__TRY IT__. Copy the data exactly. Images are the one exception.
::::::::
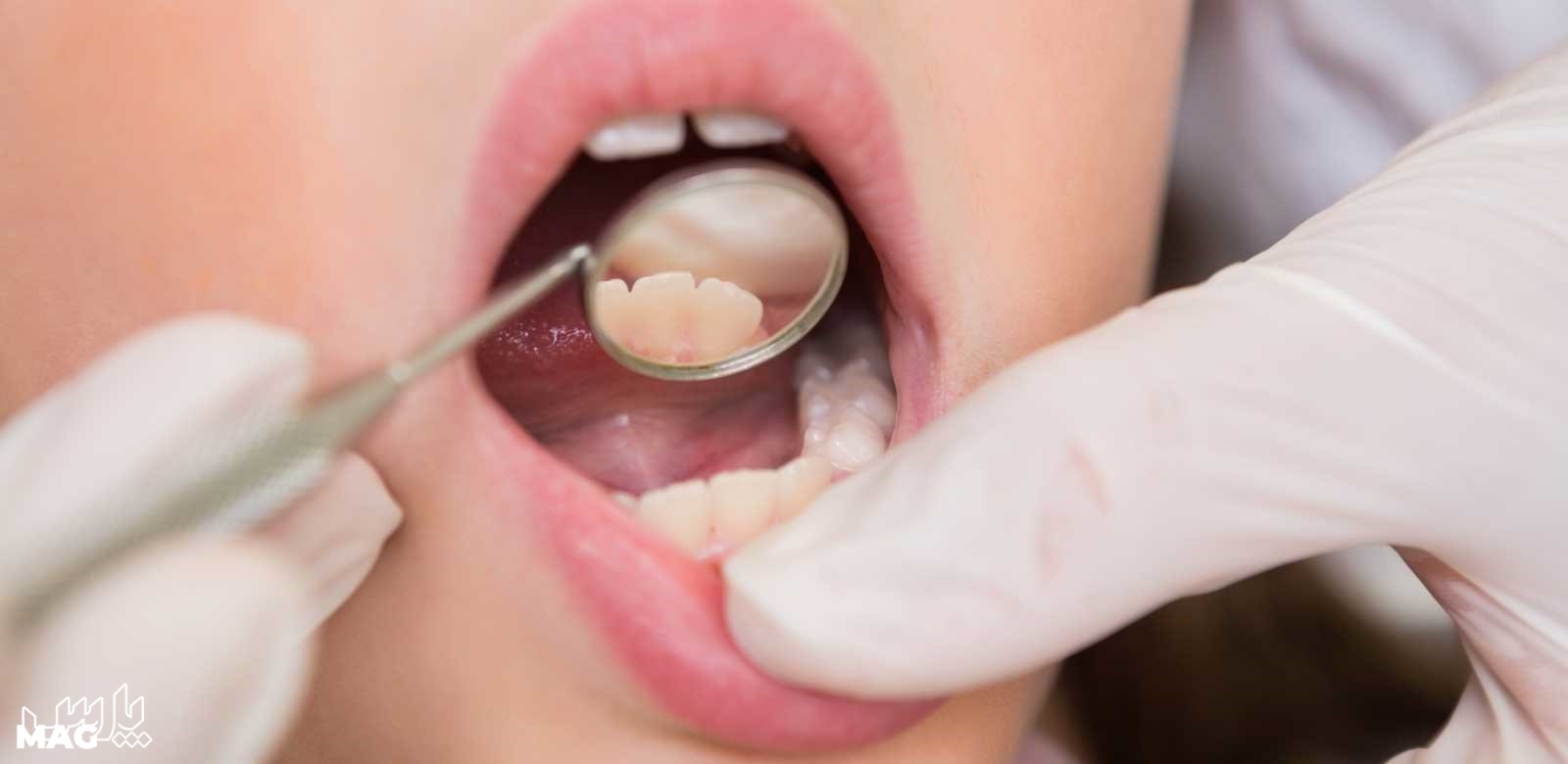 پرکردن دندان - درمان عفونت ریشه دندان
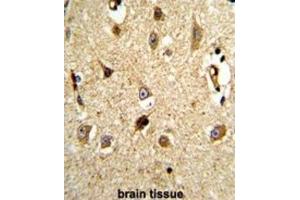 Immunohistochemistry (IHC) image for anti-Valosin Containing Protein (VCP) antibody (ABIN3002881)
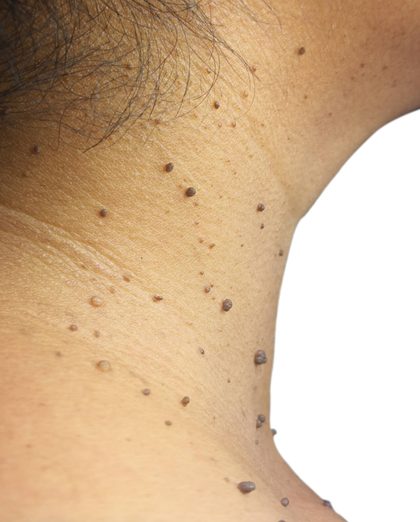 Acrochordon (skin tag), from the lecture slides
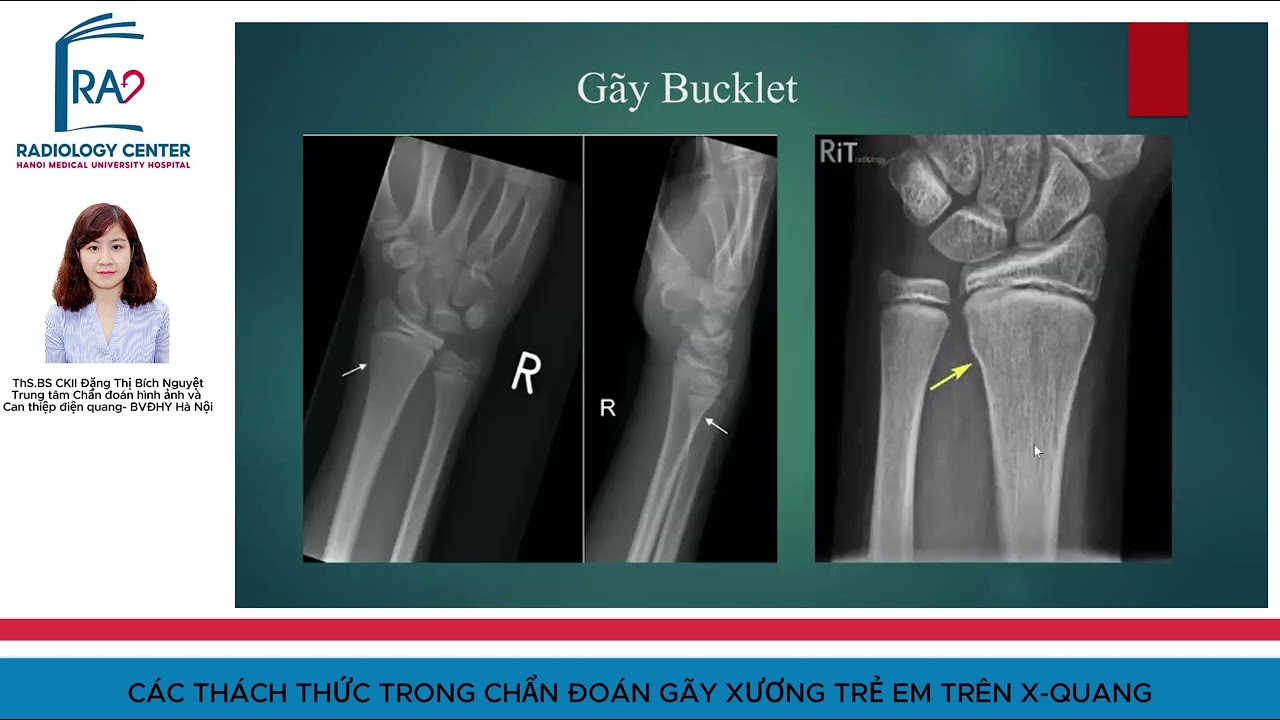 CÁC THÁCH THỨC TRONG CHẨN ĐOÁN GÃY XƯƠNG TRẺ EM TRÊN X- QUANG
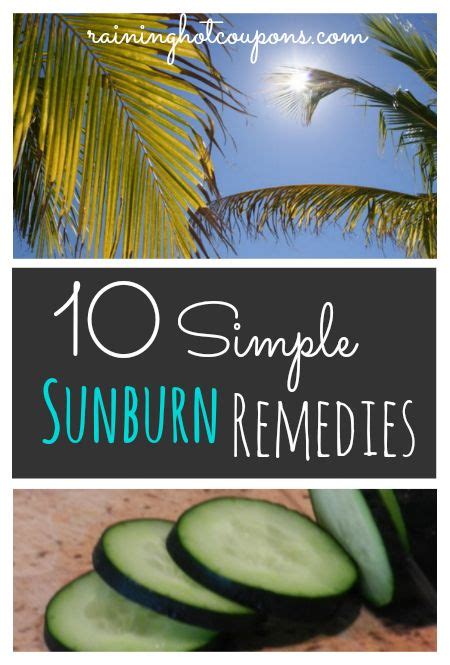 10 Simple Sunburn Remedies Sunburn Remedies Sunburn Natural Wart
::::::::
__EXPECTED OUTPUT__.
 پرکردن دندان - درمان عفونت ریشه دندان
 Immunohistochemistry (IHC) image for anti-Valosin Containing Protein (VCP) antibody (ABIN3002881)
 Acrochordon (skin tag), from the lecture slides
 CÁC THÁCH THỨC TRONG CHẨN ĐOÁN GÃY XƯƠNG TRẺ EM TRÊN X- QUANG
 10 Simple Sunburn Remedies Sunburn Remedies Sunburn Natural Wart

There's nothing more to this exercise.